# [Data section]
########################################
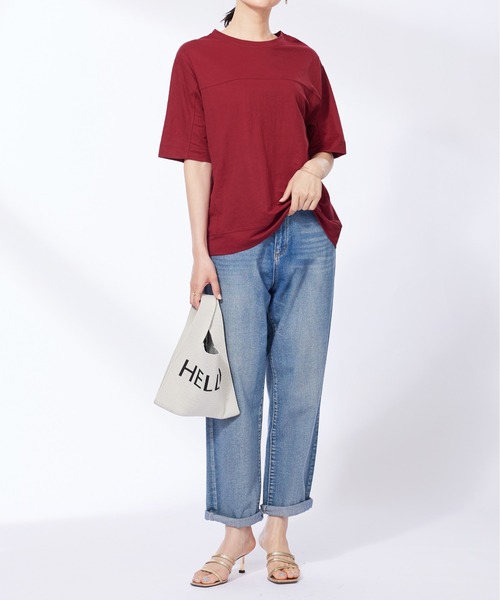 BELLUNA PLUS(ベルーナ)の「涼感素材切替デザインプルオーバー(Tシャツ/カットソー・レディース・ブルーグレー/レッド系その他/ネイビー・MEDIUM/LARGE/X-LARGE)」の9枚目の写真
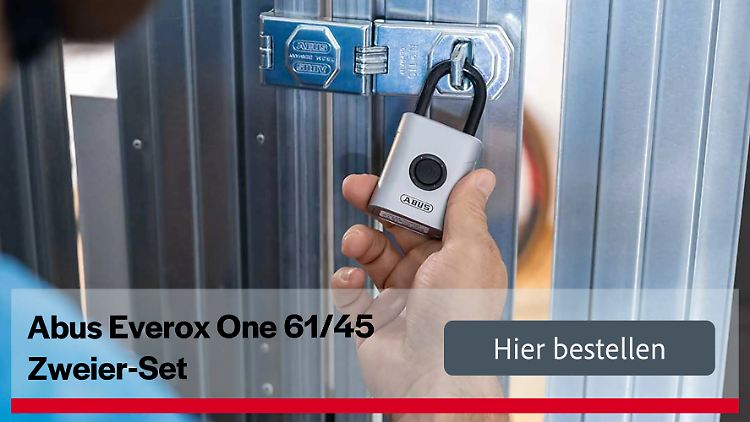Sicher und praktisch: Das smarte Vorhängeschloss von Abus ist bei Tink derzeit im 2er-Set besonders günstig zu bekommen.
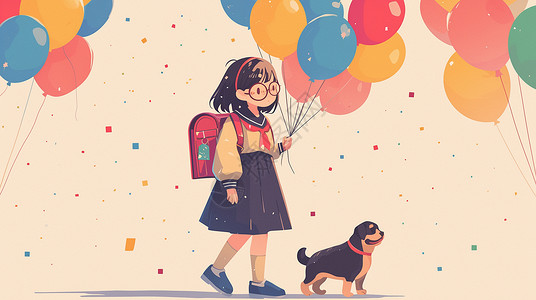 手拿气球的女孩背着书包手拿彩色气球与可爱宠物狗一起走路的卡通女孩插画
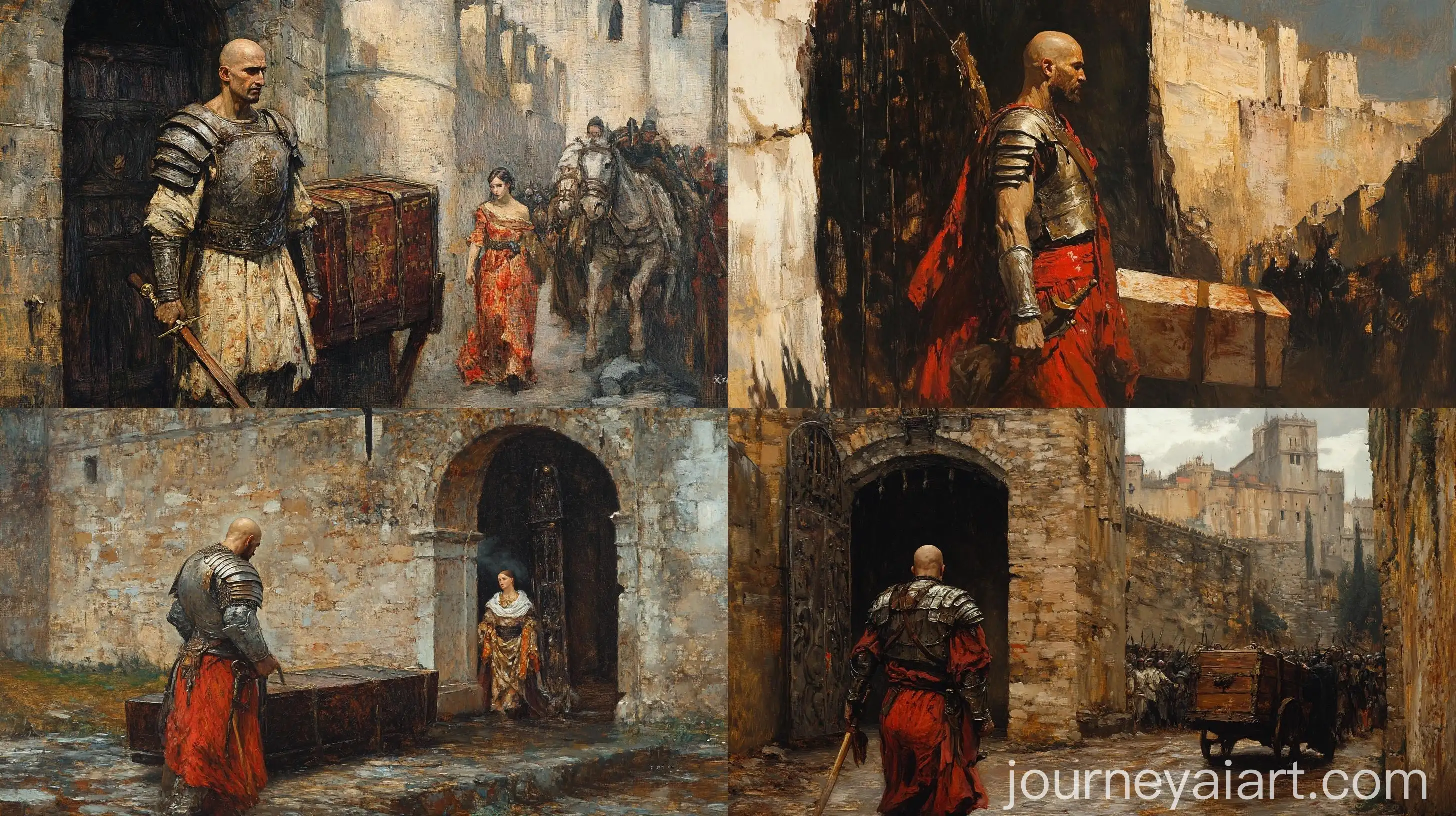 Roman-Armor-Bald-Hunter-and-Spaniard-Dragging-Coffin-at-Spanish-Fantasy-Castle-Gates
########################################
# [Exercise directions]
Only the lines from the one containing "Sicher und praktisch: Das" through the end of the listing should be output, word for word and inclusive; keep pictures out.

# [Solution]
Sicher und praktisch: Das smarte Vorhängeschloss von Abus ist bei Tink derzeit im 2er-Set besonders günstig zu bekommen.
 手拿气球的女孩背着书包手拿彩色气球与可爱宠物狗一起走路的卡通女孩插画
 Roman-Armor-Bald-Hunter-and-Spaniard-Dragging-Coffin-at-Spanish-Fantasy-Castle-Gates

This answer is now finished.